That shows how smart I am. (smile)

Artist normally don't jump too far from the nest. There may be nothing to land on. Is it being bold, audacious or cowardly to fail to compete with the normal genera? I've seen bold end up destroying rather successful careers. If I had not been an exceptional salesperson, my leaving my gold leaf on glass could have been a disaster. I'm also thankful I began in oils when litho prints were big. They gave me time to learn a little about the craft.

If what an artist is making work that connects with their base then be very cautious about a bold change. Art galleries will tell you to change direction when your art is selling can kill your chances of earning a living making and selling art. Galleries hate it when artist leave a successful style.

I like your courage to speak out, but I don't agree with you.

Brian,

The main difference with art now and 50 years ago. When I started 40 years ago Austin had two galleries and Santa Fe about the same. There were a less than a dozen galleries in Taos. There are now many ways to sell art. The Internet has opened doors that were closed unless you could get in a gallery.

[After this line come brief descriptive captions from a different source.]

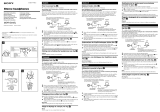 Sony MDR-G64SL Manual de usuario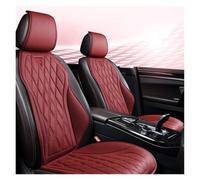 Copri Sedili Auto Per Hyundai Per Tucson Per Sonata I30 I10 I40 I20 Per SantaFe Per Solaris Copertura Di Sede Dell'automobile Di Protezione Cuscino(Front Seats-Red)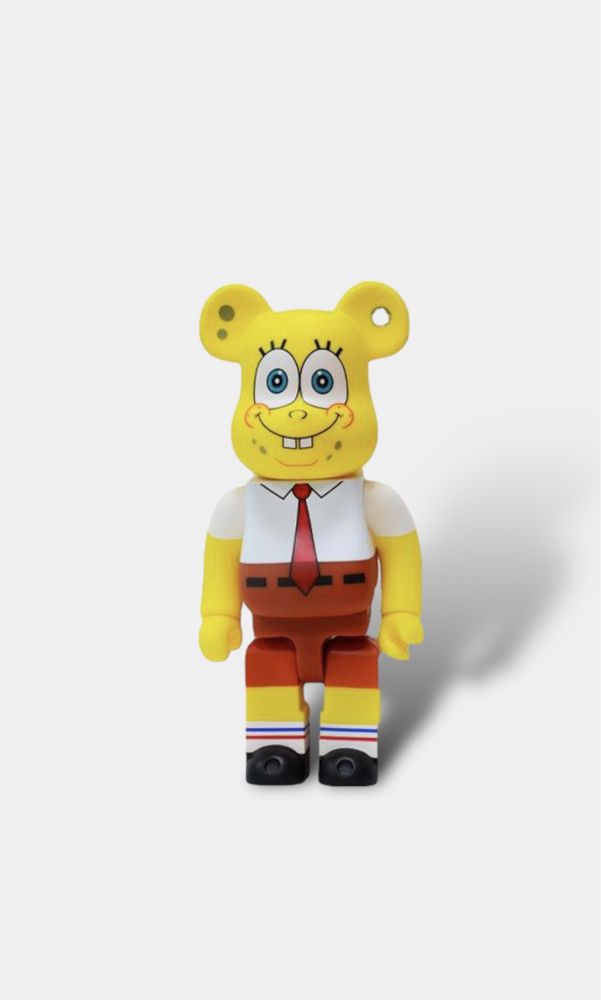 Игрушка KAWS, коллекционная Bearbrick 28см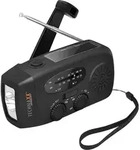 Technaxx TX-238, Tragbar, Analog & Digital, AM, FM, Schwarz, ABS, Einfarbig -...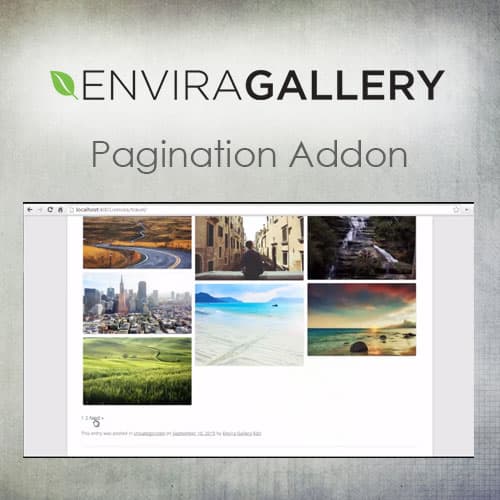 Envira Galería - Pagination Addon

When my old friend AD Greer began in the 1930ies, he had to paint signs for a living. The master Robert Wood was selling 12x16 for a $1.00. He traded art for his paints. Only a few and almost no women painted for a living. Now well over half those on FASO are female. A Charles Russell sold for a $1,000 in the 1930. Russell had to illustrate magazines in order to survive. The railroad paid Bierstadt to do his large romantic painting to lure people west.

Jack

JaneHopkins
via faso.com
There are lots of "artists", and many of them jump into selling their works before they have spent sufficient time spent on learning their craft. So, some of those boring works you describe may be because the market is flooded with a lot of art done by anxious new artists. But, there are also some fantastic works being done, that are very impressive. The winners of the Boldbrush contest every monthy are a pleasure to look at, very innovative, fresh, exciting, work. If you're not impressed maybe you're becoming jaded. Sorry but I do not agree either.

cliff kearns
via faso.com
As someone who did support and raise a family of three children by freelance illustrating in a representational manner, and then began painting in a representational style, I had to get proficient and relatively competent to survive. And I agree with Jack White that a switch to the abstract can lower the income stream substantially.
But I find an interesting distinction in doing each is that in the first case, I had to tell the paint what to do and the result becomes somewhat predictable. In the second case, the paint and texture plays a big part in telling me where to go next. And that, I find exciting and the result not so predictable. Now if only to find a few more galleries and patrons to buy in.
I have a lot of respect for someone who can stick to his/her successful formula. I sometimes wish I could.

Rick Rotante
via faso.com
1- Rembrandt's portraits are filled with personality but are lost to history as will many good portraits painted today. All you have to do is look at his many, many self portraits to see personality.
2- Painting for sells isn't a crime. Many do it including myself. With is a crime is calling it Art.
3-Selling is another necessary part of who I am as well as being an artist today.
4-Whatever I choose to say is my art, wasn't made for sales, even though a sale many have taken place.
5-My art is my soul. It is who I am even though I paint other images; I am in every work I create weather for sale or not.
6- Those who paint only for justification, sales, personal recognition, or for the money tree, should be happy in their endeavors. What I say means nothing to you.
7- Painting in the hopes of selling for an eventual million dollars, after death, means little.
8- Whatever I paint, I paint for myself first and hope the public at large will enjoy it.
It will not be immediately apparent but when you paint for others (i.e gallery, ego,market etc) your work will lack personal vision, longevity and timeliness. Even if you never show the work, paint for yourself. Paint who you are. Leave a body of work behind that others will ponder on. Your personality will live on in the work for those interested enough to seek it out. And even that too is irrelevant.


jack white
via faso.com
Jan,

I'm guilty of beginning art without any knowledge of the industry. I had only visited one gallery for two hours and thought that looked easy. My first sale was for ten dollars.
After I earned and saved a nice sum I gave up my money maker and spend three years painting throwing all I did away. I ran out of money or I'd taken five years practicing. I visited scored of museums and spent hours studying the masters. I wish I could have began art at 18 instead of almost 38. I lost 20 great years.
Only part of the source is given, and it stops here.